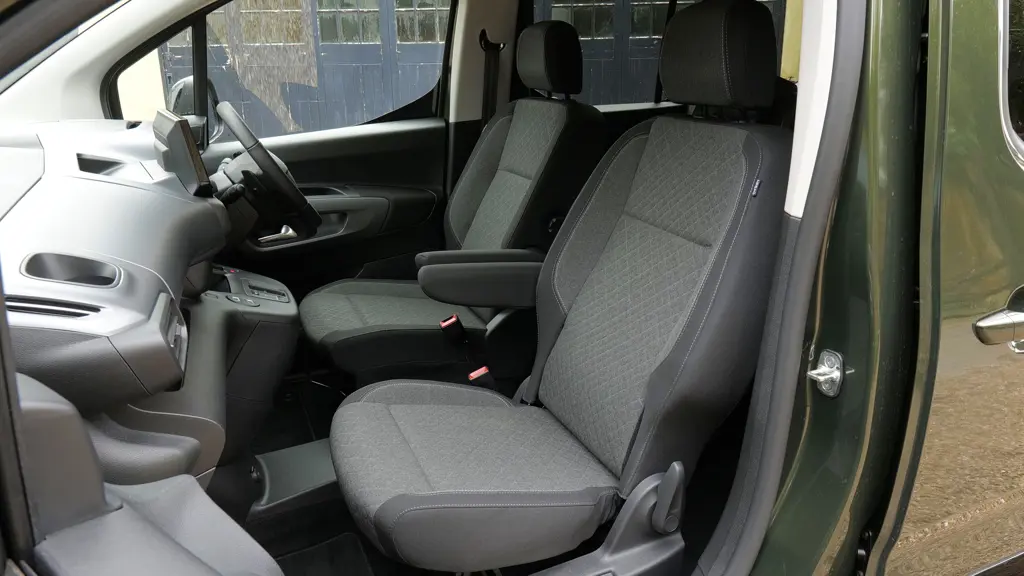 Vauxhall Combo Life 100kW Design XL 52kWh 5dr Auto 7 Seat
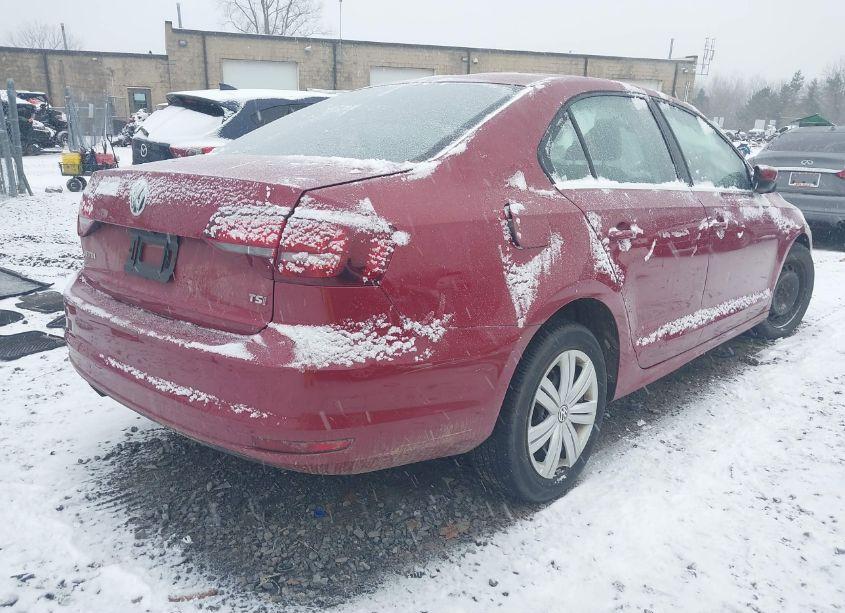 Photo 4 of 2017 Volkswagen Jetta 1.4T S (VIN 3VW2B7AJ8HM381122)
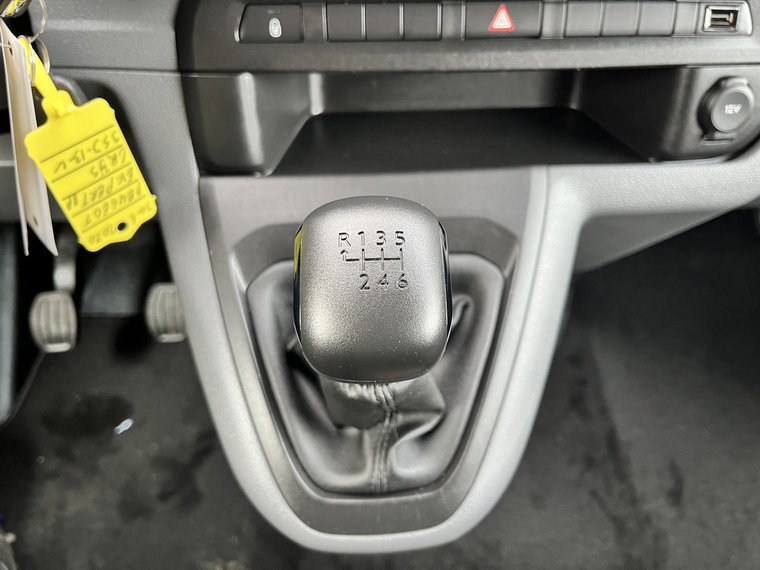 Vehicle Image 33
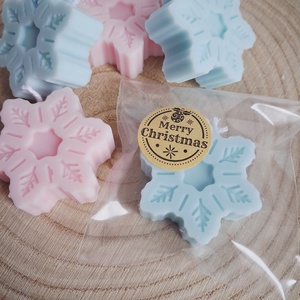 Karácsonyi Mini színes hópihe Illatgyertya Szójaviaszból - karácsony - karácsonyi lakásdekoráció - karácsonyi illatgyertya, mécses - Meska.hu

==============================

= THE PROBLEM =
What you hand back should match the listing exactly, except that no pictures appear.

= ANSWER TO THE PROBLEM =
 Vauxhall Combo Life 100kW Design XL 52kWh 5dr Auto 7 Seat
 Photo 4 of 2017 Volkswagen Jetta 1.4T S (VIN 3VW2B7AJ8HM381122)
 Vehicle Image 33
 Karácsonyi Mini színes hópihe Illatgyertya Szójaviaszból - karácsony - karácsonyi lakásdekoráció - karácsonyi illatgyertya, mécses - Meska.hu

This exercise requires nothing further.